Two weeks later, Mr. Bateman followed the same route of Flight 1866 as a passenger aboard a smaller plane equipped with his device. The alarm sounded within seconds, giving the pilot enough time to take off. But Mr Bateman felt this was not enough time for the Alaska Airlines pilot to react.
“I was disappointed,” he told Bloomberg.com in 2016. “We needed to do better.”
He has done.
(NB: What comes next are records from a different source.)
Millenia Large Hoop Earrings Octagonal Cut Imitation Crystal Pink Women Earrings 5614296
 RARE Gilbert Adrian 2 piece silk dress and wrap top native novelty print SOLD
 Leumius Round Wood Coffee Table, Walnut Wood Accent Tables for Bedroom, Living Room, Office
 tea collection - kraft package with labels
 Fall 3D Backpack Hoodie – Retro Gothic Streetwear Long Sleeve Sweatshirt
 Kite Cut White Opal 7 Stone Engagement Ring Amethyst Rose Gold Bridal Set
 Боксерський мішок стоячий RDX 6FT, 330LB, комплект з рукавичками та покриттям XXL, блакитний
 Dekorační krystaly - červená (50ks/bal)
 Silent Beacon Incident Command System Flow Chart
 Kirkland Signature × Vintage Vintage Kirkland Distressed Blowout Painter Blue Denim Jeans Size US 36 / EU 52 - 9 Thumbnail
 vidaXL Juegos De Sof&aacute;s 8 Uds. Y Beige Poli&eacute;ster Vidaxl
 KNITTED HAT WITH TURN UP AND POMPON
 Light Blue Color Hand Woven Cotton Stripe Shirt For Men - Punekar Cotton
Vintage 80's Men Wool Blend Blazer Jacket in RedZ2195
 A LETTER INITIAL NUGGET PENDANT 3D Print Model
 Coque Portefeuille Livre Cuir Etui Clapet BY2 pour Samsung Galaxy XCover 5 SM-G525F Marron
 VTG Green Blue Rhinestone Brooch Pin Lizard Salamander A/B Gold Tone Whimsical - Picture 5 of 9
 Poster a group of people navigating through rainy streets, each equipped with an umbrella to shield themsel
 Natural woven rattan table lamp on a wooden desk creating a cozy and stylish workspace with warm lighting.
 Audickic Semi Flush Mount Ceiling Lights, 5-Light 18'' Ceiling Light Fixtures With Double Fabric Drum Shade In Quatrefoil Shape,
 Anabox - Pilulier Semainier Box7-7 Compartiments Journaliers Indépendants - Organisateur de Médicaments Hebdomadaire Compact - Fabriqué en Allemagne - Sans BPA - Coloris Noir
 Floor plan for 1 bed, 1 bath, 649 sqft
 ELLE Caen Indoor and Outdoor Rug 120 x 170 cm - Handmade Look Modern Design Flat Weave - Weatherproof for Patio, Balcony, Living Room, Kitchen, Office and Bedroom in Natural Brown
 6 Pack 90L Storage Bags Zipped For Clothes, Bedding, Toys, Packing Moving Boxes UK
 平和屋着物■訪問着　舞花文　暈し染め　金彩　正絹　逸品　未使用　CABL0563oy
In 1974, the system had improved enough for the Federal Aviation Administration to mandate its installation on all domestic aircraft, providing early warning. The agency took action that year after a TWA flight crashed into a wooded slope in Virginia, killing 92 people, an incident that prompted a congressional panel to criticize the agency for delaying measures to improve airline safety. inspired to do.
In the 1990s, the system improved rapidly. Engineers working with Mr. Bateman combined GPS and important terrain data, including topographic maps of Eastern Europe and China, which had been produced by the Soviet Union in the 1920s; They were acquired in Russia at the request of Mr. Bateman.
“We knew, as engineers, that if we could get terrain data, we could do a lot,” he told The Seattle Times.
seriously, Renamed Enhanced Ground Proximity Warning System, or EGPWS, gave pilots a two-minute warning about obstacles ahead. In 2000, after several major commercial airlines had already begun using the system, the FAA required that it be installed in all registered turbine-powered airplanes with six or more passenger seats.
In addition to Ms. McCaslin, Mr. Bateman is survived by his wife, Mary (Contreras) Bateman; another daughter, Wendy Bastien; two sons, Greg and Patrick; eight grandchildren; and two great-grandchildren. His marriage to Joan Burney ended in divorce. Dan, the third son, died in 1988.
In 2015, Mr Bateman wrote rear view magazine, An airline safety publication, nearly six recent, independently investigated incidents in which warning systems averted disaster.
For example, in 2014, the crew of a Saab 2000 twin-engine turboprop lost control of the aircraft near Sumburgh, Scotland, after failing to recognize that the autopilot was still on after a lightning strike. But, Mr Bateman wrote, the crew “overcame a high rate of descent towards the sea surface following EGPWS warnings”.